Search code examples
phphtmldomhtml-parsingtext-extraction

Get the text from all elements with a nominated class as a flat array


I know we can use PHP DOM to parse HTML using PHP, but I have a specific requirement. I have an HTML content like below

<p class="Heading1-P">
    <span class="Heading1-H">Chapter 1</span>
</p>
<p class="Normal-P">
    <span class="Normal-H">This is chapter 1</span>
</p>
<p class="Heading1-P">
    <span class="Heading1-H">Chapter 2</span>
</p>
<p class="Normal-P">
    <span class="Normal-H">This is chapter 2</span>
</p>
<p class="Heading1-P">
    <span class="Heading1-H">Chapter 3</span>
</p>
<p class="Normal-P">
    <span class="Normal-H">This is chapter 3</span>
</p>

I want to parse the above HTML and save the content into two different arrays like:

$heading and $content

$heading = array('Chapter 1', 'Chapter 2', 'Chapter 3');
$content = array('This is chapter 1', 'This is chapter 2', 'This is chapter 3');

I can achieve this simply using jQuery.

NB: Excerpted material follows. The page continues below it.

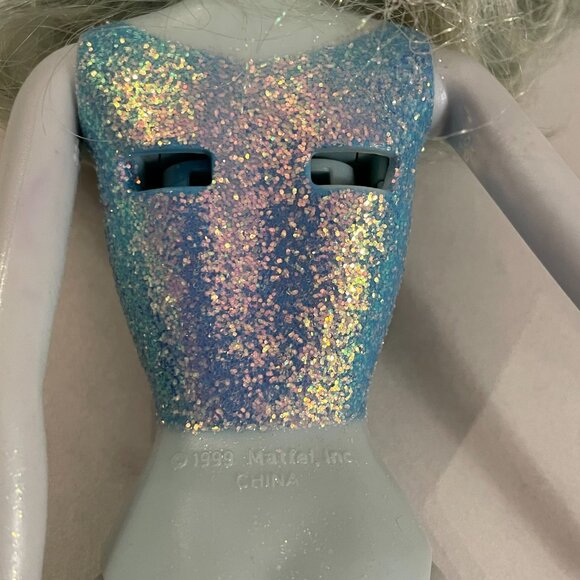 Barbie Blue Sparkle Fairytopia and Pink Fairy Secret Dolls - Picture 10 of 15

But I am not sure, if that's the right way.


Solution

  • Try to look at PHP Simple HTML DOM Parser

    It has brilliant syntax similar to jQuery so you can easily select any element you want by ID or class

    // include/require the simple html dom parser file
    
    $html_string = '
        <p class="Heading1-P">
            <span class="Heading1-H">Chapter 1</span>
        </p>
        <p class="Normal-P">
            <span class="Normal-H">This is chapter 1</span>
        </p>
        <p class="Heading1-P">
            <span class="Heading1-H">Chapter 2</span>
        </p>
        <p class="Normal-P">
            <span class="Normal-H">This is chapter 2</span>
        </p>
        <p class="Heading1-P">
            <span class="Heading1-H">Chapter 3</span>
        </p>
        <p class="Normal-P">
            <span class="Normal-H">This is chapter 3</span>
        </p>';
    $html = str_get_html($html_string);
    foreach($html->find('span') as $element) {
        if ($element->class === 'Heading1-H') {
            $heading[] = $element->innertext;
        }else if($element->class === 'Normal-H') {
            $content[] = $element->innertext;
        }
    }